Another summer week has flown by. Amidst folk festivals, baseball games, community service, swimming and summer camps, here is how we enjoyed our shares this week.
- butter and sugar corn
- corn on (and off) the cob
- squash (Jess got summer squash and zucchini)
- Blanched and frozen for the winter doldrums
- Zucchini Pesto Frittata
- added to stir fry
- Cooked in a little Amish roll butter for lunches
- slicing cucumbers
- bag of wax beans
- green cabbage
- Nana’s Cabbage Rolls
- Sarah’s is still waiting to be used
- enjoyed as-is (last year’s frozen ones go into the smoothies)
- In Peach Melba
- kale (red Russian and lacinato)
- Kale Powder (recipe below)
- Stems and leaves in morning smoothies
- Kale Scramble
- bunch of basil
- bunch of beets
- bunch of collards
- bunch of carrots & carrot bombs
- rainbow chard
- Wilted in Butter Sauce
- Stems roasted and leaves in a smoothie
- classic peaches
- sugar plums
- enjoyed as-is
I’ve loved reading about the different ways that folks preserve their veggies. It made me want to share about an unconventional way to preserve kale. I’ll add that it’s an unconventional way to preserve kale in a way that may be especially useful for those that have family members that aren’t that into kale.
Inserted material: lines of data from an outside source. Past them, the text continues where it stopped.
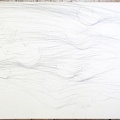 1984, 620×860 mm, tužka, papír, Kresba s překážkami, sig.
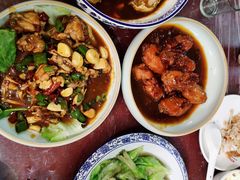 秘制翅中-佳佳麻辣烧菜馆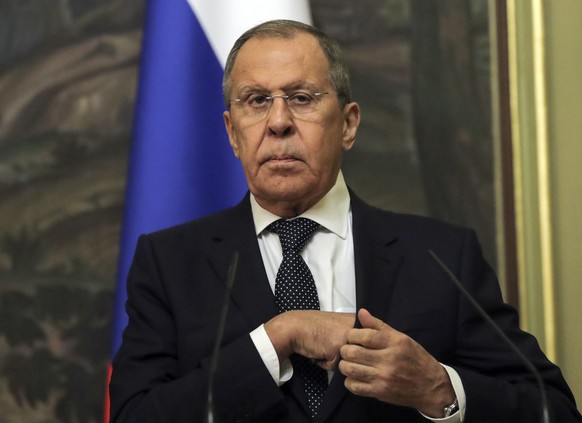 Sergeï Lavrov est le ministre des affaires étrangères de la Fédération de Russie.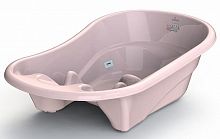 Kidwick Ванночка для купания Лайнер с термометром / цвет розовый /темно-розовый					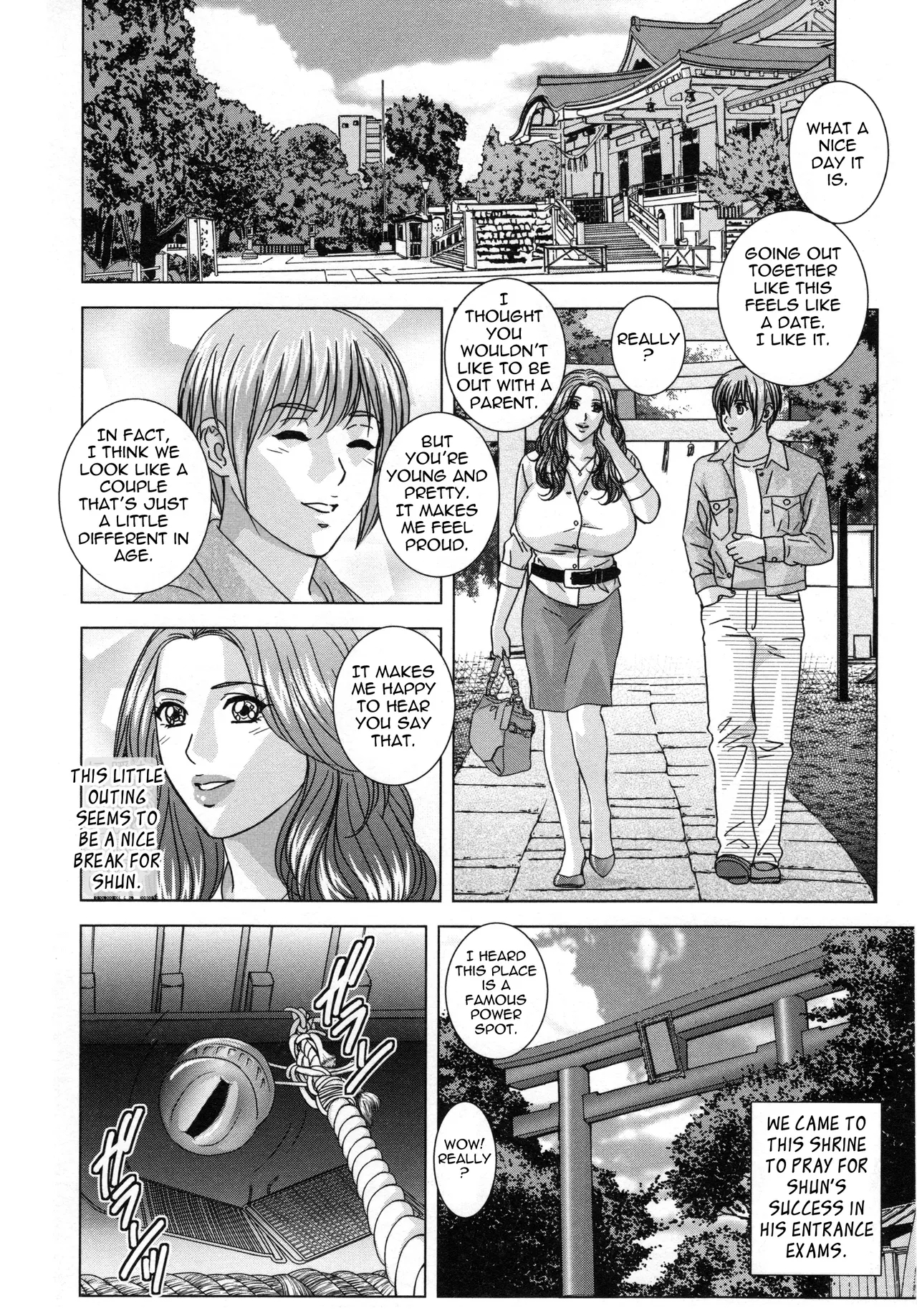Scarlet Desire + Dear My Mother + Bonus Art page 516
Kale Powder has been an amazing asset to the Anderson household. I’ve spoken before about “aha” recipes, which is when a (insert veggie here) hater tastes a certain (insert the same veggie here) recipe, then suddenly understands why people like (insert the same veggie here again). I’ve also spoken about the “huh” recipes, when said hated veggie has to play the incognito role to be eaten by said veggie hater. Enter – Kale Powder, the ultimate “huh” recipe option.
Similar to making kale chips, preheat your oven to 250 degrees. Separate the kale from the stems (saving the stems for your smoothies or other treats). Lay the kale leaves in a single layer on one or multiple cookie sheets, depending on how much kale you have (no salt or oil needed such as with the chips). Pop the leaves in the oven and after 10 minutes begin to check the leaves for crispness. You want the leaves to not be brown but dry, crisp and brittle. Remove the ones that are done as you go, returning the rest to the oven and checking every couple of minutes. The trick is to get them all crispy without burning any. It is a bit tricky, not crispy enough can leave your powder with moisture and prone to mold. Too crispy and it alters the flavor to be bitter.
I’m not sure this would work again… I was once interrupted with an emergency while making kale powder. The leaves were in the oven at 250 for maybe 3 minutes before I had to leave the house. I turned off the oven, opened the oven door, left the kale in there and left. About an hour or so later and I came home to perfectly crispy kale. For what that’s worth, I thought I’d mention it.
I store this stuff in my fridge for months and slowly ration it out. One giant bunch of kale turns into only a couple of tablespoons of powder if that (note this jar in the picture is only a sample-sized jar), so it’s a great way to bring bunches down to size.
I find this magical veggie dust to be a fabulous way to get healthy food into the most unsuspecting of diners. I usually start with a little sprinkle in a meat loaf or something, then when it’s gone undetected by the boys, maybe a bigger sprinkle in the next dish. Every once in a while I go too far and get a “why do these scrambled eggs taste funny?” Then I dial it back. Sometimes I get creative, when the boys went through an Octonauts phase, we had “Kelp Cakes” (aka pancakes made with pancake mix and just enough kale powder to turn the mix green).
If you’re likely to toss your kale in the swap box, we hope you’ll try this one! Please let us know your thoughts & variations, and thanks for reading!